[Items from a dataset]
● ● ● ● ●

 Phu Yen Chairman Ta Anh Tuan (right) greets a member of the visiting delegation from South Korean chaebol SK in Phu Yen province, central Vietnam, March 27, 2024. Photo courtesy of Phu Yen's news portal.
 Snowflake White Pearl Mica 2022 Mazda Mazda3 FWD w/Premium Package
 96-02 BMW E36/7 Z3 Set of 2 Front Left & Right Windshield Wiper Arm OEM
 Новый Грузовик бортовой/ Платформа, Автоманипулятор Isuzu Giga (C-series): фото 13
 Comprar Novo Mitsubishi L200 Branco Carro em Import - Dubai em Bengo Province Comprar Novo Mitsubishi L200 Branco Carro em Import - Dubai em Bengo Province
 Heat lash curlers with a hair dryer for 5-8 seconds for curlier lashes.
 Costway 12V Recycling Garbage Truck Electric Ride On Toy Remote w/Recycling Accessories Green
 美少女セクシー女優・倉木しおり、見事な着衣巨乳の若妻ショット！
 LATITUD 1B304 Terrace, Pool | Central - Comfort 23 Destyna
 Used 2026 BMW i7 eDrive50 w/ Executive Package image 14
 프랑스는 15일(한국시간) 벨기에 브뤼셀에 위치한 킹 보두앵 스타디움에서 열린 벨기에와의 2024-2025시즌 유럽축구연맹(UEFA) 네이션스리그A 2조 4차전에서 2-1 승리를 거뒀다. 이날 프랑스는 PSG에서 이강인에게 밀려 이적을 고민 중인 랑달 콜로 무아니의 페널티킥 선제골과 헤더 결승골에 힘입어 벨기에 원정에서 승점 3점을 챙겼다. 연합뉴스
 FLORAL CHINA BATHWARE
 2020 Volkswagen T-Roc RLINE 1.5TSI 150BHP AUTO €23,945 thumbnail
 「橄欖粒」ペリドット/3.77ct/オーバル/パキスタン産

● ● ● ● ●

** TASK DIRECTIONS **
Exactly as they are written, print the entries again.

** EXERCISE RESPONSE **
 Phu Yen Chairman Ta Anh Tuan (right) greets a member of the visiting delegation from South Korean chaebol SK in Phu Yen province, central Vietnam, March 27, 2024. Photo courtesy of Phu Yen's news portal.
 Snowflake White Pearl Mica 2022 Mazda Mazda3 FWD w/Premium Package
 96-02 BMW E36/7 Z3 Set of 2 Front Left & Right Windshield Wiper Arm OEM
 Новый Грузовик бортовой/ Платформа, Автоманипулятор Isuzu Giga (C-series): фото 13
 Comprar Novo Mitsubishi L200 Branco Carro em Import - Dubai em Bengo Province Comprar Novo Mitsubishi L200 Branco Carro em Import - Dubai em Bengo Province
 Heat lash curlers with a hair dryer for 5-8 seconds for curlier lashes.
 Costway 12V Recycling Garbage Truck Electric Ride On Toy Remote w/Recycling Accessories Green
 美少女セクシー女優・倉木しおり、見事な着衣巨乳の若妻ショット！
 LATITUD 1B304 Terrace, Pool | Central - Comfort 23 Destyna
 Used 2026 BMW i7 eDrive50 w/ Executive Package image 14
 프랑스는 15일(한국시간) 벨기에 브뤼셀에 위치한 킹 보두앵 스타디움에서 열린 벨기에와의 2024-2025시즌 유럽축구연맹(UEFA) 네이션스리그A 2조 4차전에서 2-1 승리를 거뒀다. 이날 프랑스는 PSG에서 이강인에게 밀려 이적을 고민 중인 랑달 콜로 무아니의 페널티킥 선제골과 헤더 결승골에 힘입어 벨기에 원정에서 승점 3점을 챙겼다. 연합뉴스
 FLORAL CHINA BATHWARE
 2020 Volkswagen T-Roc RLINE 1.5TSI 150BHP AUTO €23,945 thumbnail
 「橄欖粒」ペリドット/3.77ct/オーバル/パキスタン産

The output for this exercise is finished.